[Available records]:
======
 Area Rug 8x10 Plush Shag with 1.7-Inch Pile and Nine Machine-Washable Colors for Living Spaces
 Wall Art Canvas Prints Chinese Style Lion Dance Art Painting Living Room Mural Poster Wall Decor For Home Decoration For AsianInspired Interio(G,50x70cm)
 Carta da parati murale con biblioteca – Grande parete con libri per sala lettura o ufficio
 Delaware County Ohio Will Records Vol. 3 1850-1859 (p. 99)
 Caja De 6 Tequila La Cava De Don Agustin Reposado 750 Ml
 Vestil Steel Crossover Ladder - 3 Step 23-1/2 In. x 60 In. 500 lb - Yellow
======
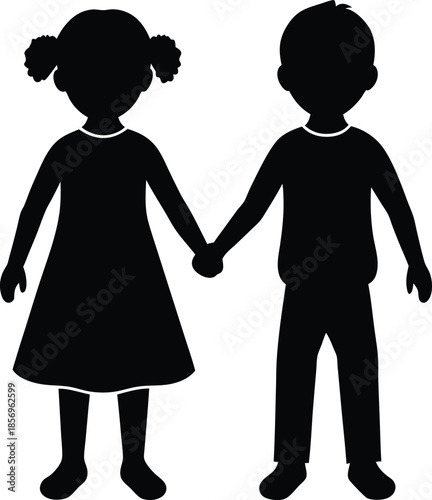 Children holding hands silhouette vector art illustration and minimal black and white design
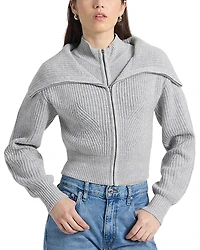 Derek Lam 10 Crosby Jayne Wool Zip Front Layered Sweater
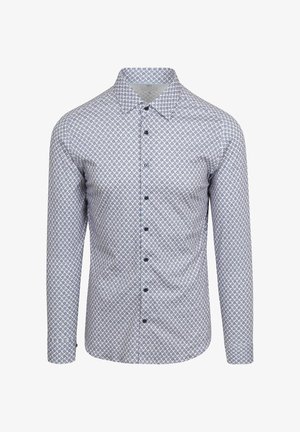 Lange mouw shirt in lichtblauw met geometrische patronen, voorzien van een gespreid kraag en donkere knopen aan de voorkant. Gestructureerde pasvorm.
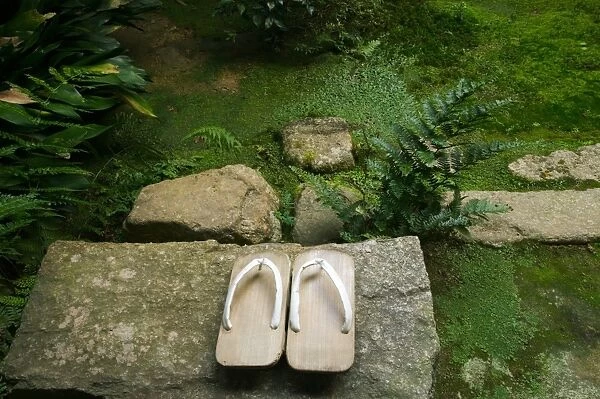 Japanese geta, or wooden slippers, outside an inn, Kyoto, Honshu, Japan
======
[What the exercise asks]: Please return the material above only from the line that holds "Children holding hands" through the line that holds "Derek Lam 10", exactly as it stands, ends included and pictures omitted.

[Completed exercise]:
 Children holding hands silhouette vector art illustration and minimal black and white design
 Derek Lam 10 Crosby Jayne Wool Zip Front Layered Sweater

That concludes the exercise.